TEST 3 – Limit number of hits (W0270)
The third test is tailored for checking the optimal use of Google Analytics regarding its limits for free use. The free version of Google Analytics has a limit on the number of hits it can collect. Ingesting more than 10 million hits a month per property has an impact on how your data are processed and stored. Also, the measurement will be slow, and larger sampling errors will appear than before. However, if you have a paid version of Google Analytics, you do not need to run this test.
The test consists of two checks and an informative value:
if there are more than 20 million hits in the last 28 days (twice the limit for the free version), the test fails
when the number of hits reaches the limit of 10 million (but stay below 20 million), the test issues a warning
if the test passes, it only reports the number of hits
Based on the results you can decide whether you need to upgrade your Google Analytics version and in case no action needs to be done yet, decide how often you need to run this test to check the threshold.
TEST 4 – Click data in GA (W0410)
The following test offers another simple verification that the data that you need is actually measured. In this case, it focuses on the advertisement clicks and determines whether the number of clicks on ads in the past 28 days is above zero. These clicks are evaluated to measure the intensiveness of the usage of the Ads (CPC). If no clicks are recorded in Google Analytics, it can indicate that Google Ads is not connected to Google Analytics, or that a technical issue is occurring within your website.
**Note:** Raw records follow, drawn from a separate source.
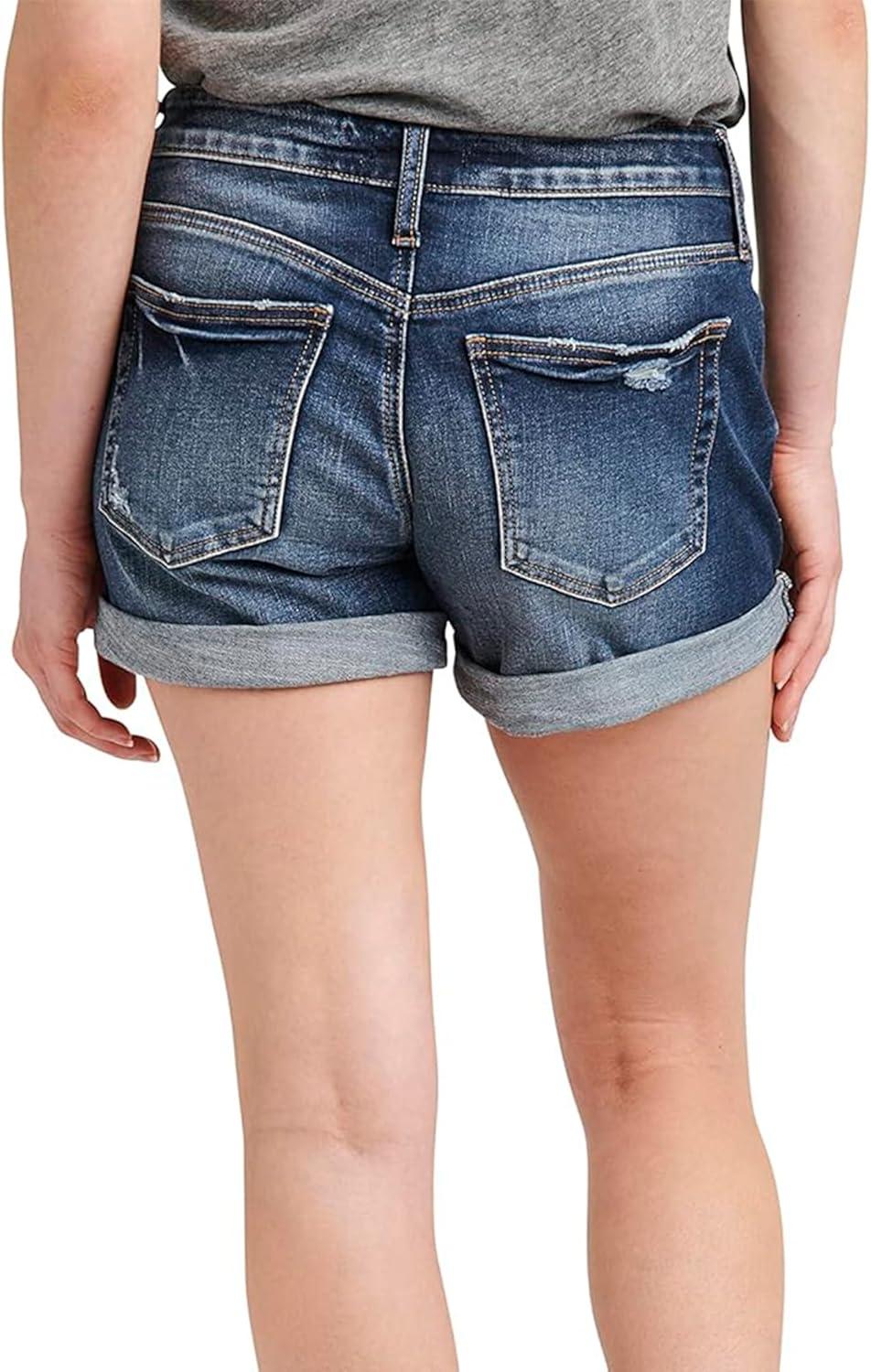 image:imageSilver Jeans Co Womens Boyfriend Mid Rise ShortDark Wash Ecf428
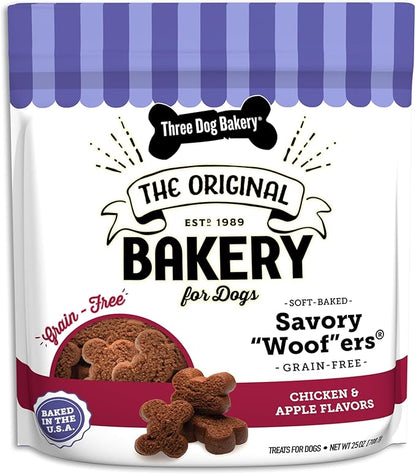 Three Dog Bakery Soft Baked Grain Free Meaty Woofers, Chicken and Apple Flavor, Premium Treats for Dogs, Brown, 25 oz.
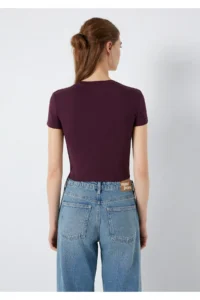Mavi Logo Printed Purple T-Shirt Fitted -70434 - Image 5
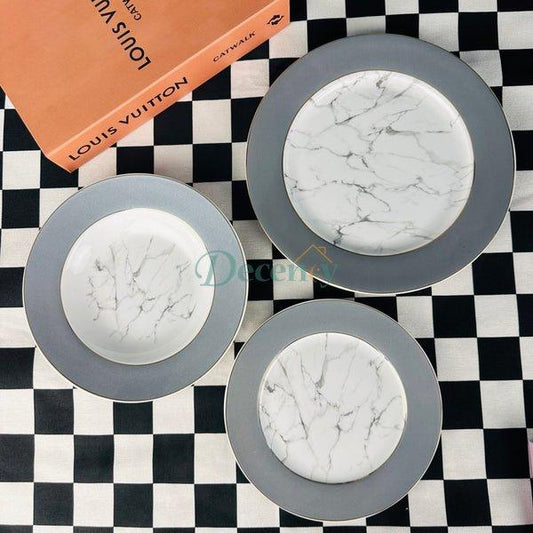 18-Piece Bone China Dinner Set – Grey and White Marble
If no advertisement clicks are measured, the test issues a warning as can be seen in the picture below. As you have seen in the previous test, Waaila uses a warning (compared to a fail) when the problem found is less significant, because in the previous test the number of hits can still grow and be measured. Similarly, Waaila issues a warning, and not fail, in case no advertisement clicks are measured due to the fact that no information on advertisement clicks does not threaten to decrease profit immediately.
Further prepared tests for the investigation of basic measurement can be found mainly in two sets of tests available in the marketplace: Waaila - General Information and Checks and Waaila - Measurement Overview.
TEST 5 - Correct generation of CID (client ID) (W0510)
The last test in the Waaila – GA Starting Kit checks the generation of client IDs by evaluating the number of users versus the number of sessions. There must be significantly more sessions than users. If it does not hold, it might show a technical problem and will therefore require deeper analysis.
If the ratio of sessions per user decreases below a certain threshold, the test fails. The default threshold used by the test is 1.05, therefore there can be as few as 5 % more sessions than users (e.g., if only 5 % of clients return for a second session and nobody for a third one) before the test fails. The results are presented by the device types so that you can check for which device there has been a problem (in the presented example, there is an issue with measurement for mobile users).
To summarize, the application Waaila offers you a great way to evaluate your data measurement quality. This article introduces Waaila through focusing on one of its prepared test sets, Waaila – GA Starting Kit, explaining the mechanics of tests and presenting the tests on illustrative examples. With the test explanations we included further recommendations for individual tests or other test sets, so from here, you can directly proceed with your data evaluation in Waaila.
If the prepared tests do not cover all your needs, you can write your own tests, with the help of our extensive documentation.